Ibn Ṭumlūs (ابن طملوس) (1164–1223) was a Valencian scholar whose interests ranged over medicine, philosophy, grammar and poetry. He is mainly known today for his work in logic. Ibn Ṭumlūs is known by his biographers under the name of Abū al-Ḥajjāj or Abū Isḥāq Yūsuf ibn Muhammed ibn Ṭumlūs. In Latin sources, he is known as Alhagiag Bin Thalmus.

==Biography==
He was born in Alzira, near Valencia, sometime between 1150 and 1165. He studied philosophy, medicine and perhaps jurisprudence with Averroes (Ibn Rushd), and his achievements in medicine were such that he succeeded Averroes as doctor of the Almohad caliph, Mohammad al-Nāṣir, from 1199 to 1213. He died at Alzira in 1223.

==Notable Work==
Not one of the works of Ibn Ṭumlūs known of today is mentioned by his biographers. Conversely, not one of the works mentioned by his biographers is available today. Ibn Abbar stated that Ibn Ṭumlūs authored some works on the sciences of the Arabic language, but these do not seem to be extant. In addition, Ibn Ṭumlūs's biographers transmitted to us some poems made by him, which have been transcribed in Fouad Ben Ahmed's definitive biobibliography. There are only two major works that are known to have survived, his Book on Logic and his commentary on Avicenna's Medical Poem.

===Book on Logic===
Ṭumlūs’ Book on Logic (Kitāb fī Mantiq) survives in just a single manuscript. The manuscript is undated and untitled. Some scholars have proposed dates, but these remain speculative. Although parts of the treatise have been edited under the title Introduction to the Art of Logic, in fact neither Ibn Ṭumlūs nor his copyist gave a title to the work. The text covers all the parts of Aristotle's Organon, including a Book of Rhetoric and Book of Poetics. Indeed, his advocacy of this expanded Organon is one of the significant features of the work. The treatise begins with a long introduction (Ṣadr) to the text in which Ibn Ṭumlūs addresses several controversies concerning his education in logic and the attitudes of the scholars of his time towards logic (namely, the jurists and the students of the prophetic tradition). He considers also the value of al-Ghazālī’s and al-Fārābī’s logical works, both from a philosophical and a religious point of view. Yet although both of these figures are influential on Ibn Ṭumlūs, recent scholarship has shown that his principal influence is his teacher, Averroes.

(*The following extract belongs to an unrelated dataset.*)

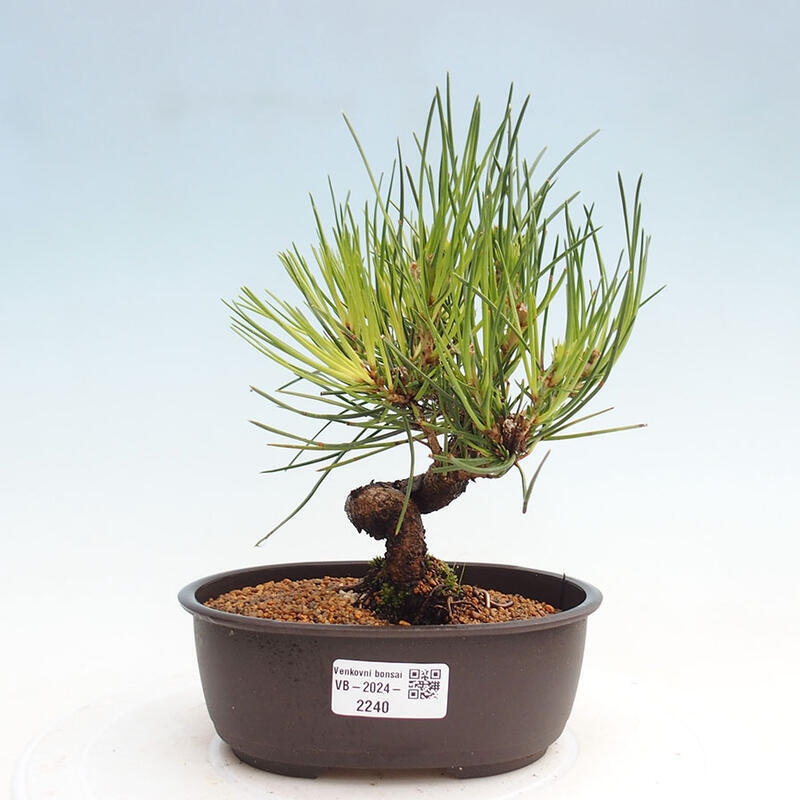 Vonkajší bonsai - Pinus thunbergii - Borovica thunbergova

Excerpts from the Book on Logic have been edited and translated by various scholars:
- part of the introduction into French
- the introduction and first three sections into Spanish
- excerpts from the section on poetics into French
- the section on rhetoric into French
A critical Arabic edition of the sections on dialectic and sophistical topics has recently been made by Fouad Ben Ahmed, who is at work on an Arabic edition of the remainder of the work. At present, no English translations are available.

===Commentary on Avicenna's Medical Poem===

Ibn Ṭumlūs' other major surviving work is his commentary on Avicenna's Medical Poem (Šarḥ al-Urǧūza). Although there are eight known manuscripts containing this work, with more probably yet to be identified, no complete edition of the work has been made. A colophon at the end of one manuscript dates Ibn Ṭumlūs' final revisions of the work to Marrakesh in 1209. Scholarship on this work is, at this point, extremely limited.